The trail is within Tahoe National Forest. The trailhead is about 7 miles up Barker Pass Road from CA-89, with the turn-off about 4 miles south of Tahoe City at the Kaspian Campground. The guidebook I used provided clear directions to the trailhead, but some other descriptions of the trail (for example, this one) suggest that it is hard to find. In any case, just before Barker Pass, where the pavement ends, there is a small parking area with a sign indicating the trail.
If you know what to look for, it turns out to be possible to see Ellis Peak from very near the trailhead. In this picture it is the high point just above the bare-looking area in the background. The cliffs just below Ellis Peak are very distinctive.
From the trailhead the trail immediately gains almost 500 feet in the first 0.7 mile, with a short break before an additional climb.
The spectacular views of the high country make the climb well worth the effort.

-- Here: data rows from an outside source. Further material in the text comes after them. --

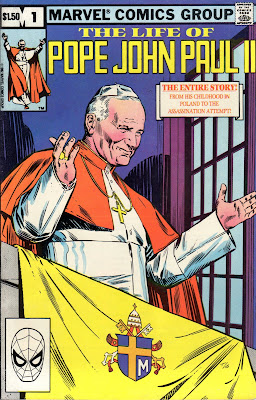 Pope-tastic!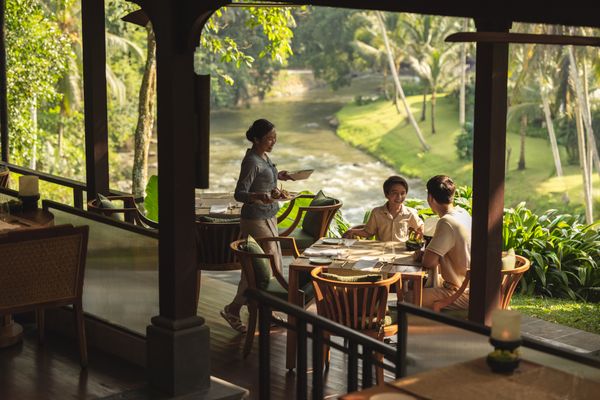 Mandapa Serves Up Bali’s Hidden Bangli Culinary Gems!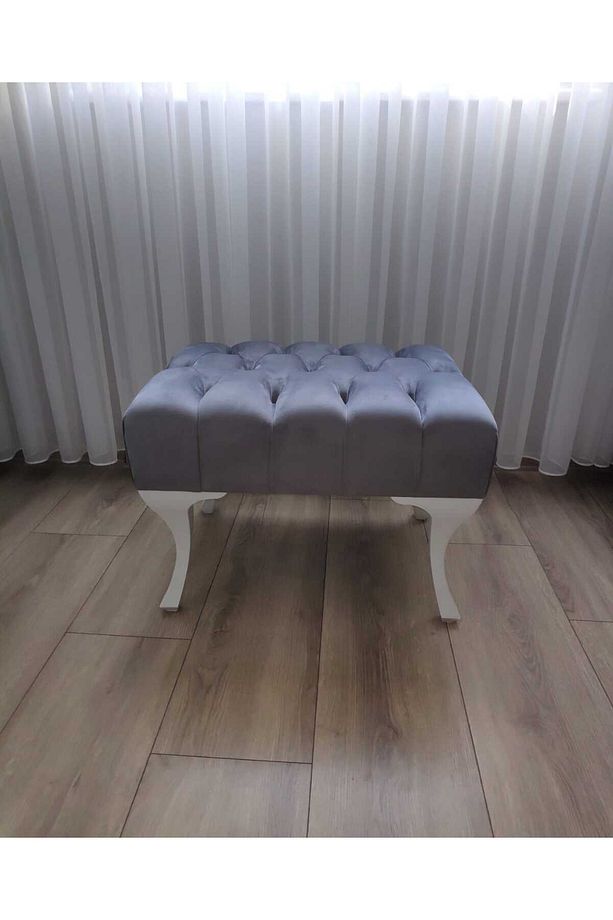 puf Puf & Bench - 1
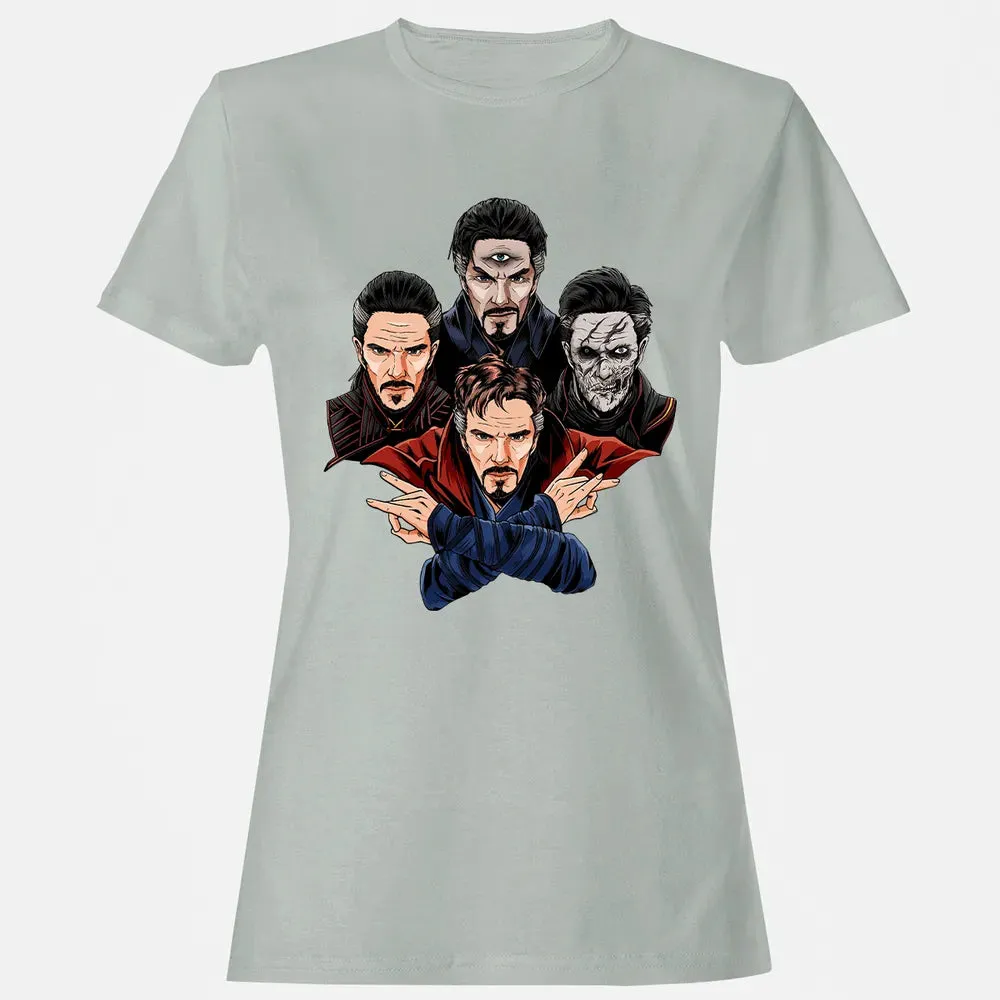 Strange Rhapsody Women's T-shirt - 2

From several places along the trail a distinctive lake is visible in the distance. Sometimes it is an interesting exercise to identify lakes and other landmarks, especially if directional information is not noted during the hike. Based on the shape, I believe it is Loon Lake.
About 2.5 miles from the trailhead there is a junction where the trail to Ellis Lake branches off. I saved the side trip to the lake for my return trip. Approaching Ellis Peak there is actually a secondary peak which is tempting to climb. In fact, the previous time I hiked this trail I went up to the incorrect peak and turned around. This time I realized that I wasn’t at the “real” peak and continued a bit further along the main trail until I found the correct peak. My small detour is barely visible on the GPS track just below the Ellis Peak label.
From Ellis Peak there are wonderful 360-degree views. One landmark of interest is Twin Peaks, visible across Blackwood Canyon.
In addition, from Ellis Peak you look almost straight down at Ellis Lake.
After enjoying the views from Ellis Peak I returned to the junction and took the short side trail to Ellis Lake. The lake is quite pretty from lake level, with the distinctive cliffs reflecting in the water. The bare area that is visible from the trailhead is quite obvious.
When I returned to the trail junction I got slightly disoriented and hiked a very short distance along an incorrect trail. The breadcrumb track on my GPS helped me to confirm quickly that I was not on the correct trail, so this was an easily and quickly correctable navigational error. Any time I feel directionally challenged at a trail junction I use the GPS track display to clarify the trail layout.
Overall, this is a very satisfying hike because of the spectacular views after only a moderate hike.